In Featured at HBT, renewal

A very exciting and historically significant discovery was made on our construction site about 10 days ago.

Working on instructions from our general contractor, Pomerleau Inc., the demolition crew was removing the portion of the south staircase that previously connected the corridor outside the south-west door of the Sanctuary down to the old mechanical room.  (The balance of that staircase will remain in place in our new campus, changing slightly as it connects up to our new spaces.)

As they began to remove the structure, there, behind the stairs in relatively plain sight, they discovered a rectangular, concrete box – and promptly delivered it to our professional staff.
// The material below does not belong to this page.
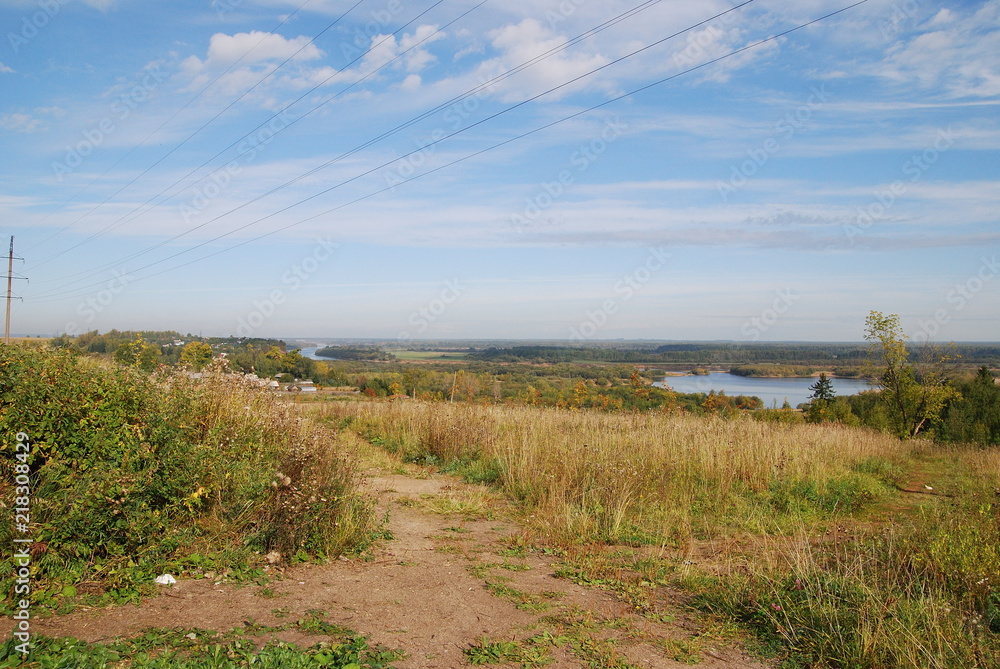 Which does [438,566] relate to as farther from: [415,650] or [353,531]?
[415,650]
This remarkable find turned out to be the cornerstone from Holy Blossom Temple’s previous home, on Bond Street. The inscription on the object marks the 1896 construction date (the Bond Street synagogue was actually finished in 1897) and it appears that the cornerstone was relocated to 1950 Bathurst Street when construction of our current home was finished in 1939. After taking great care in the handling of this precious keepsake, our crew then conducted an exhaustive search of the surrounding area where the cornerstone was found, looking for other possible heirlooms and historical records of the congregation.  No other artifacts were found and work then continued.

Needless to say, this remarkable treasure has created a buzz among the Temple’s archival group.  They are now poring over historical documents to see if they can unearth details about the unusual relocation of the cornerstone, and determine why it was stored for so many years in the (admittedly odd) location under a stairwell.  Also, in conjunction with our architects at Diamond Schmitt, they are brainstorming creative ways to incorporate this piece into a new cornerstone for our Central Atrium, continuing the great Jewish tradition of linking the past with the present.

Aleinu – It is upon us.

As you may have read in your recently received Holy Blossom Bulletin, the Hebrew word (and prayer) “Aleinu” translates to “It is upon us”. And, when you come to Holy Blossom these High Holy Days, it will be clear to you that our Renewal Project is truly upon us. We’ll gather and worship in the midst of the exciting construction of our transformative Atrium, scheduled for completion in the spring. The largest synagogue construction/renovation and capital campaign in Canadian history.

But “Aleinu: It is upon us” also means that this project, so necessary for the future of Holy Blossom, will only succeed if every one of US believes that we must do our part. And that we feel a level of JOYFUL OBLIGATION about how truly meaningful our participation is.

To date, we’ve raised over $24 million, with almost $2.2 million raised so far this year. Which is already more than all of last year. Momentum continues to build and that is wonderful. But it cannot be said strongly enough that we need all of our fellow congregants to consider what an aspirational gift might be, each according to his or her means.

Coming soon, we’ll be sending out an “Aleinu-It is upon us” video, with some very inspirational thoughts on this subject from Rabbi Splansky. Watch for this special installment of Life at Holy Blossom in your in-boxes, just before the High Holy Days.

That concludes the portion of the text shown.